PS. Next, I'll migrate this issue over to the future issue tracker.
Hi Henrik
-
Yes, I use (indirectly)
devtools::load_all()
in production. It's not just for the reprex.- I have not checked in a proper R package, but I suspect it should work. I understand it is a corner case.
-
I understand that. The thing is, I can not pass the related packages using
future.packages=
since there are not loaded in a "standard" way. If it were possible somehow to "customize" the loading offuture.packages=
to sub-processes prior to sending/serializing the globals, I suppose it would work. -
I can work-around that issue. I posted it in case you can see a way to generally improve the code.
Thanks for all your work. Much appreciated.
I see. No, I think you need to reconstruct the environment hierarchy yourself.
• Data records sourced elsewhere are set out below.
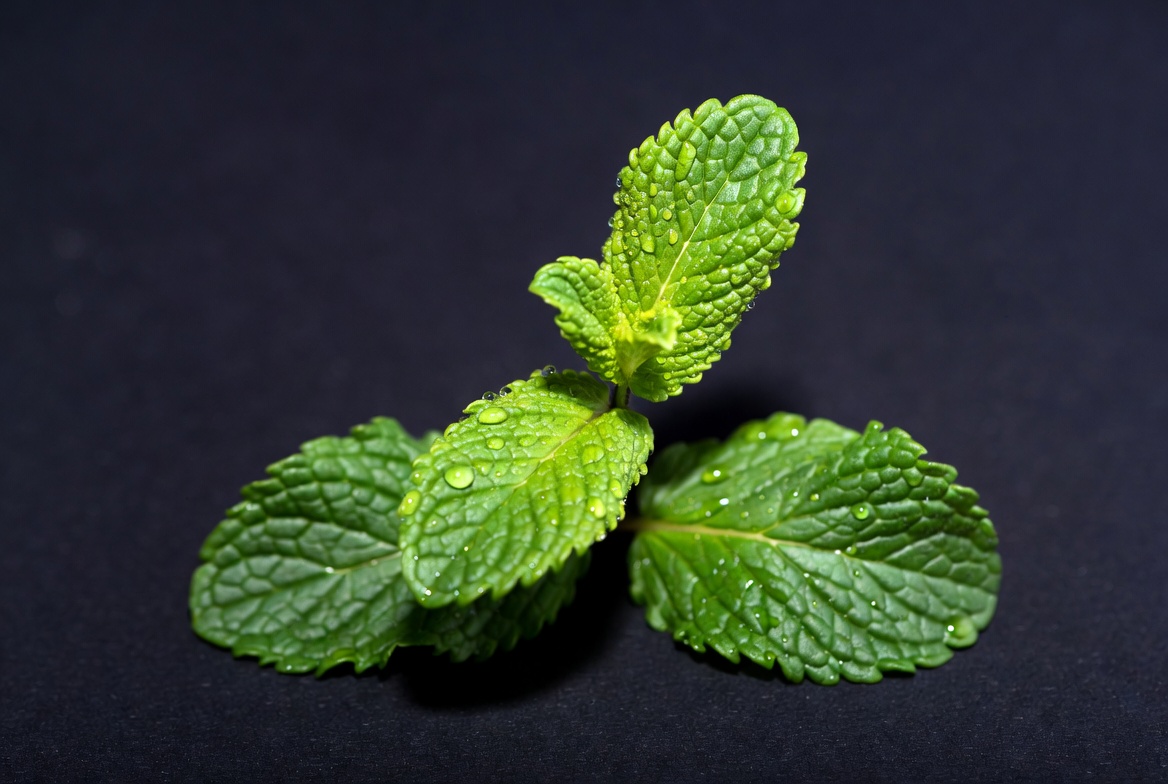Fresh mint leaves on a dark surface Fresh mint leaves on a dark surface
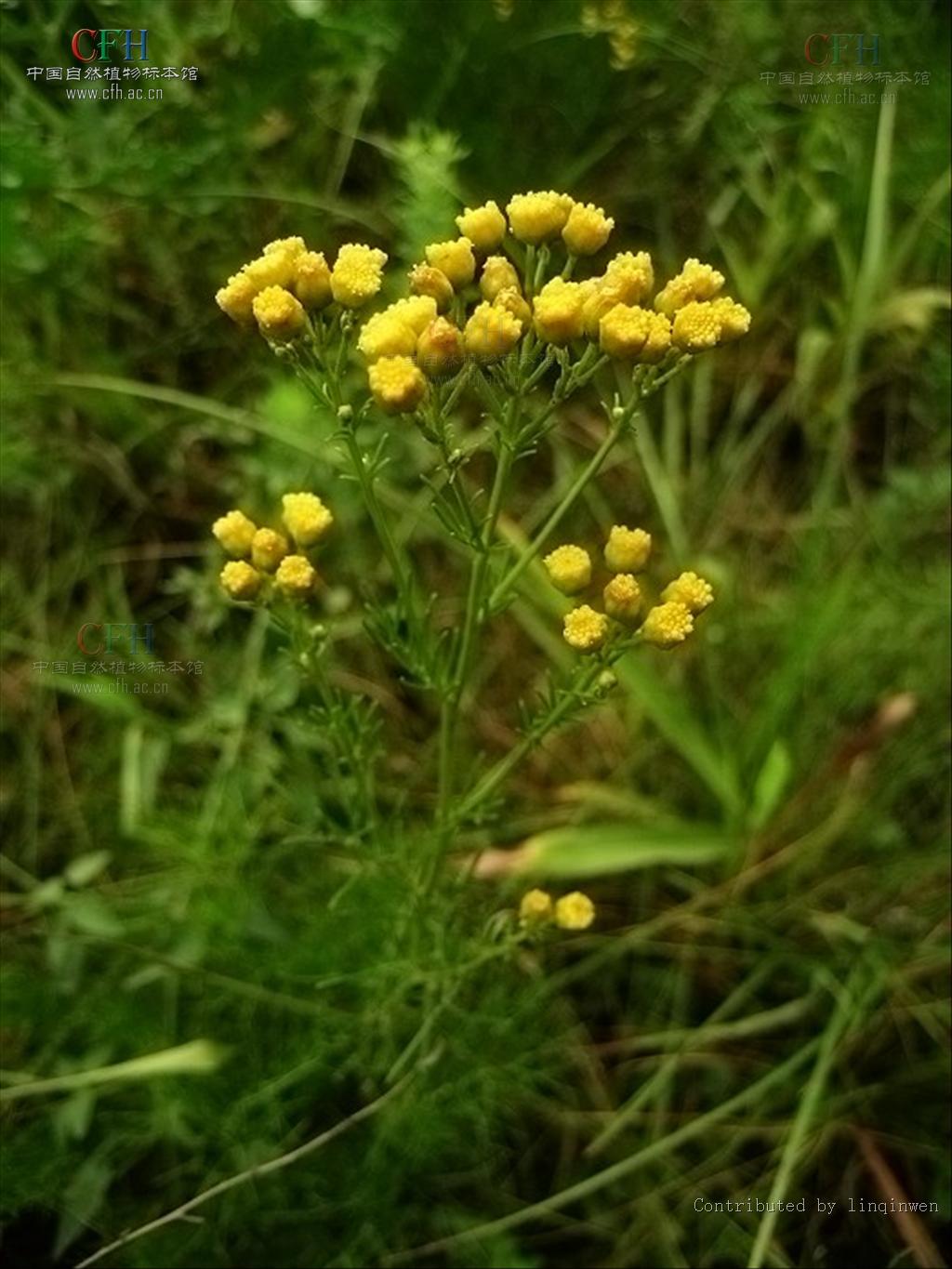 線葉菊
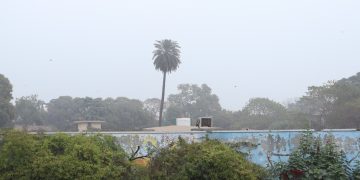 Cold wave, dense fog persist in Lahore, parts of Pakistan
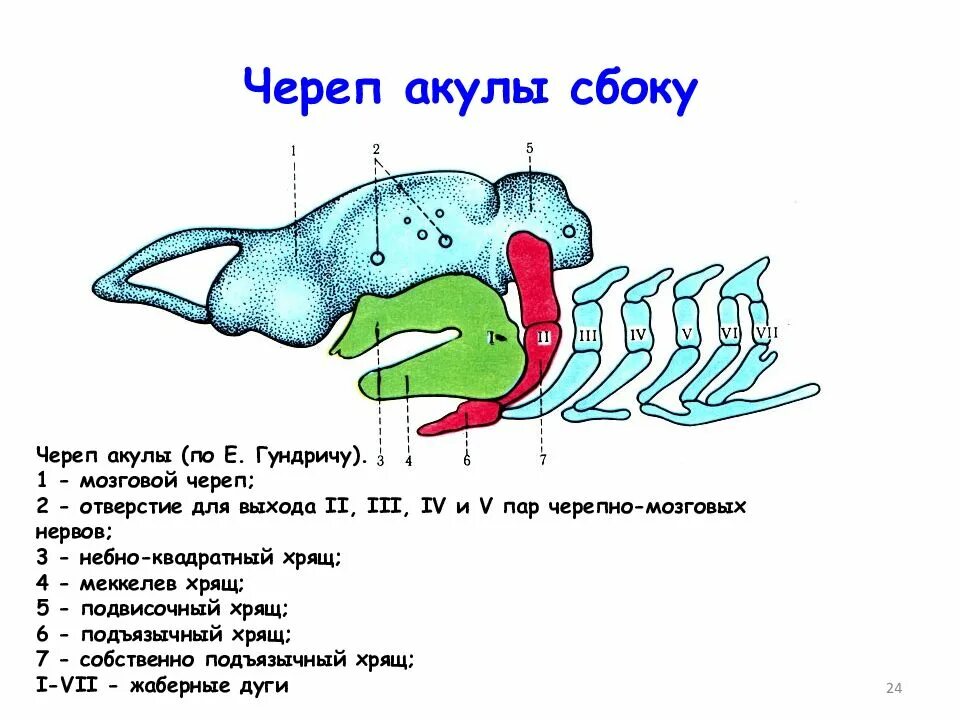 Головной мозг акулы. Эволюция черепа позвоночных. Эволюция висцерального черепа позвоночных. Череп акулы строение. Появление челюстей у позвоночных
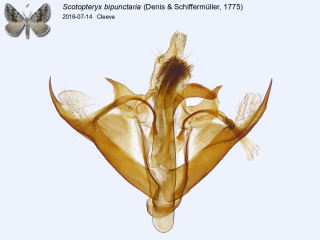 Scotopteryx bipunctaria
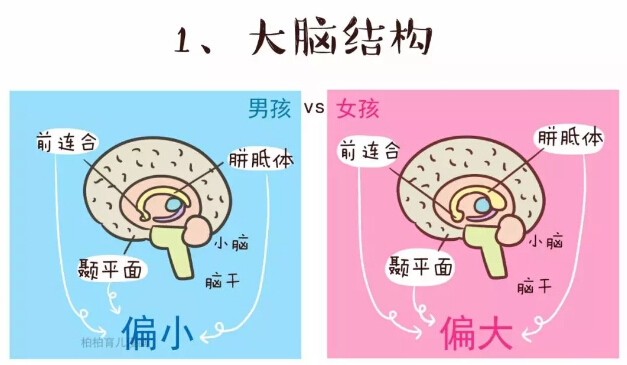 男女有别,但大多数父母都没研究过,男孩和女孩的大脑到底有哪些差异?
The "namespace" environment created by devtools::load_all(PKG_PATH, export_all = TRUE)
in the main R session is different from that in the parallel worker. The only thing that would hint that they are related is the name attribute, but it's basically only you as a developer that know they're the same. In contrast, with proper R packages, we make assumptions that a package namespace in the main R session is the same as the package namespace in a parallel worker if they share the same package name.
It would require almost mind-reading skills to know that the parent environment of object my_r6
that was created in the main R session, should be bound to a similar "namespace" environment on the parallel worker.
Regarding:
I use (indirectly)
devtools::load_all()
in production.
My only remaining recommendation is to take a deep dive into that and see you if instead could at least build a proper package on-the-fly. R doesn't have in-memory package building/namespace creation and devtools::load_all()
is really a hack that I doubt can fully emulate the real scenario.
Thank you. I'll think about it.